Not least due to new projects such as the Alpine Skiing Centre at the Wurmberg , the Harz loses the image of boredom and the smugness, I learn from three talkative Bad Harzburgers in the lift, who are excellently informed about recent developments. They refer to other lighthouse projects such as the Torfhaus Resort. In addition, the so-called Ettershaus will open in Bad Harzburg in June. A noble hotel on a large area with a variety of offers such as a separate steakhouse and inventive tree houses for the “adventure family holiday”.
“The Story of the Ski Jump”
One of my ski-lift talks was about the meanwhile dismantled ski jump of the Wurmberg. The scaffolding with the platform was left standing. In the past, the viewing platform of the ski jump was exactly 1000 metres above sea level, while the Wurmberg reached 971 metres.
In GDR times the usage of the ski jump was not without problems, I learn. Since it was dangerously close to the former zone border, rubber ropes had to be used to prevent the ski jumpers from coming to a standstill on GDR territory after touching down.
“Secret tip: get to the gondola on time”
The check-in at the gondola works perfectly if you don’t catch days when people are crowding the Wurmberg. Then it can happen that you have to wait for two hours. In order to avoid such adversities, one should be at the counter on time for the opening of the cable car at 8.45 o’clock. On the other hand, waiting times are sometimes also a problem in renowned ski resorts in the Alps.
“Internet presence in need of improvement”
The presentation of the Wurmberg Ski Resort on the Internet still leaves room for improvement, according to the opinion of numerous, especially younger, conversation partners. The ambience and the dimension would hardly be visually clear, i.e. as far as the visual language is concerned.
During the winter holidays, Ski enthusiasts and their children from the nearby East German states come to the Wurmberg in large numbers. A week later Danish and Dutch dominate the slopes – because of the winter holidays in these countries – and much to the delight of hoteliers and pension owners. Braunlage needs winter tourism.
Soup at “Puppe”
The three people from Bad Harzburg have a special tip for me at the end. They have bought a 4-hour ticket and are about to return to Harzburg at noon. Before that, they intend to enjoy one of the legendary soups of the delicatessen shop “Puppe” in Braunlage. “You have to try them,” they told me.
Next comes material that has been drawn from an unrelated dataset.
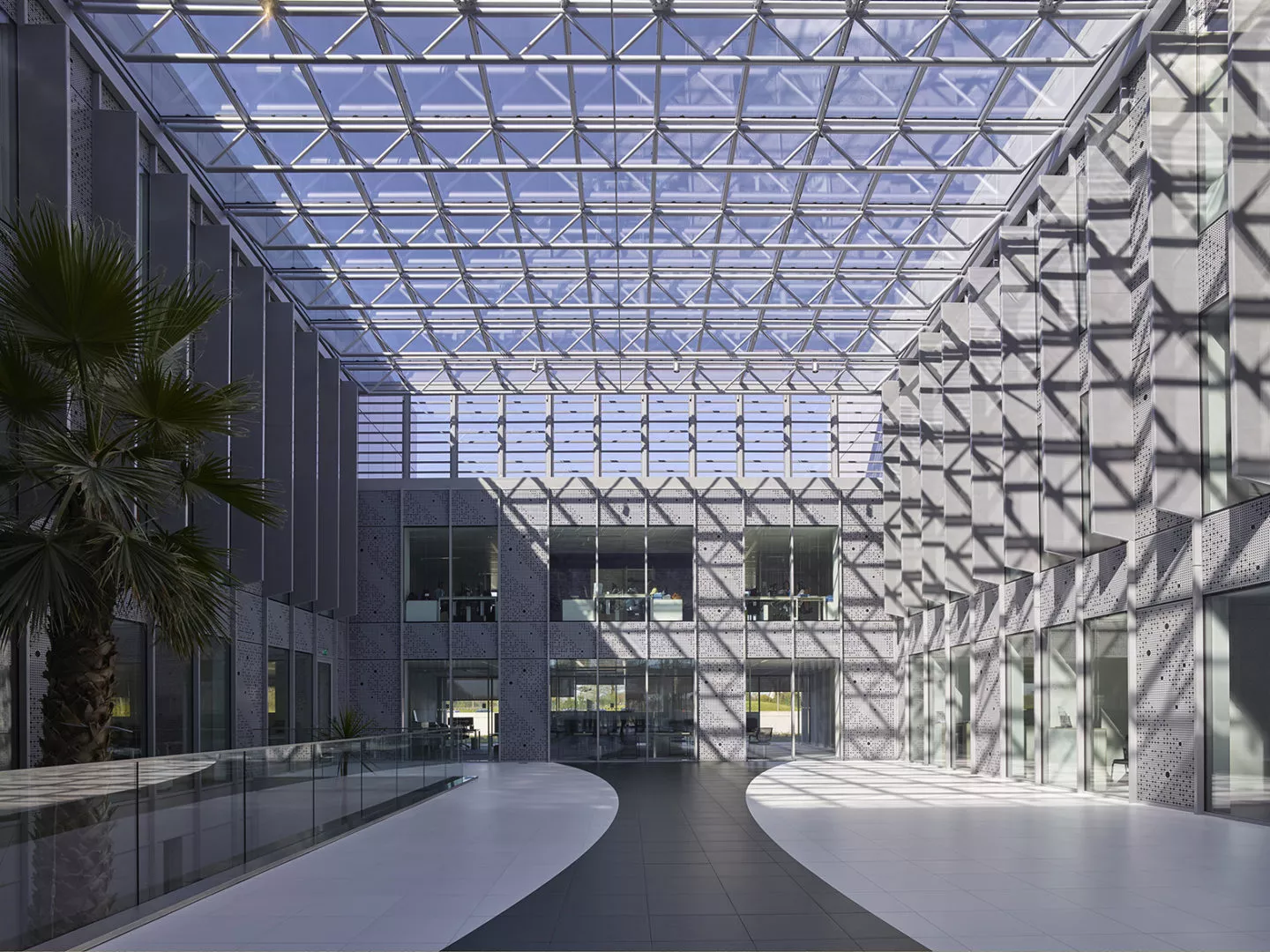 Golhen Associés - Le Polaris - Siège social BPO - P2 - Chalmeau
Others point out that “Puppe” is said to offer well-known sausage specialities from deer and wild boar.
“More ski-lift conversations”
- Of course, a skiing area like the Wurmberg is extremely dependent on the snow conditions. And the more than 100 snow-making systems – fed by a so-called “Schnei-See” – can only start operating from minus 4 degrees Celsius and below. The entire complex, in which around 12 million euros were invested in 2013, is therefore heavily dependent on the weather conditions in winter. The company only writes black numbers after 34 days of operation with enough snow, a lift neighbour knows to report.
- What is pleasantly noticeable in comparison to many ski resorts in the Alps is the fact that there is no loud music on the mountain huts.
- The operator does always provide new attractions. In this winter, skiing under floodlight is possible for the first time.
- And what happened to the idea of a ski swing into the neighbouring Schierke? “The project isn’t off the table yet” says another lift companion. This is also confirmed by Dirk Nüsse. The operator of the Wurmberg cable car would very much appreciate it if there were a real ski swing and not just a single descent.
I’ve grown fond of the Wurmberg this winter. The memory reservoirs are full to bursting. And I’m already looking forward to discover his green spring side.